I'm looking for a spreadsheet with Wanikani Kanji by level

Does anyone have one? A comma-separated format would be fine as well.

I sense something shady about to go down


11 Likes

I don’t think something like that should be shared

10 Likes

image

3 Likes

It wouldn’t be too difficult for you to make one yourself, no?

3 Likes

If there isn’t, you can go to WK stats (Items Section) and copy the Kanji there. Highlight all the Kanji on a level, copy and paste on a text file. They appear to be separated by two commas though.

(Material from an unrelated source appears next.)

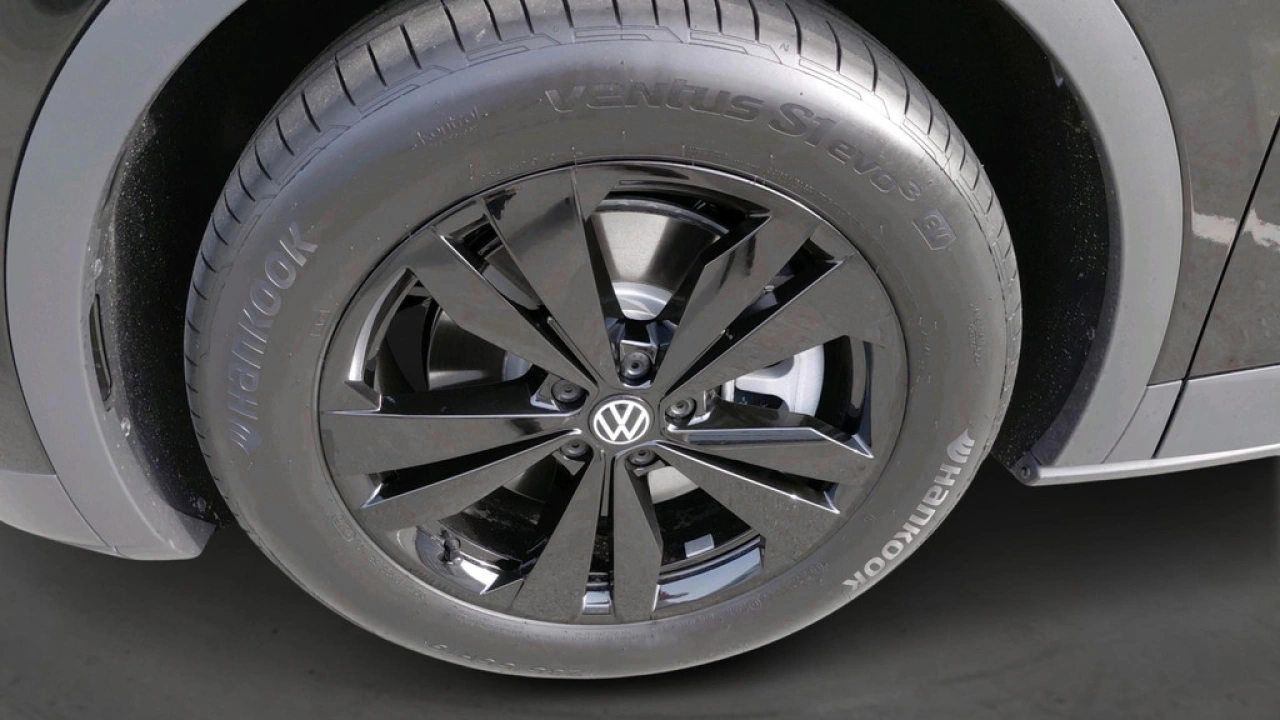 Volkswagen ID.4 Pro Limited Edition Plus 77 kWh | Trekhaak | Panoramadak |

If you know programming, you can take care of that and make your own CSV file.

2 Likes

copy paste in Word, replace all “;;” by “;” :smiley:

2 Likes

I just want to compare against the spreadsheets of Kanji per chapter on the Tobira website to get an exact measure of Wanikani level vs Tobira to balance my WK vs textbook time investment. E.g. Wanikani level X translates to knowing Y percent of Tobira kanji at chapter Z. I know programming and copy+paste from wkstats website into text file looks good enough for me.

2 Likes

Ah, I’m pretty sure I’ve done that exact comparison already. Lemme rummage


Edit: No, it was Genki. Well, if you could make me a list of all the kanji in Tobira, I could do that for you.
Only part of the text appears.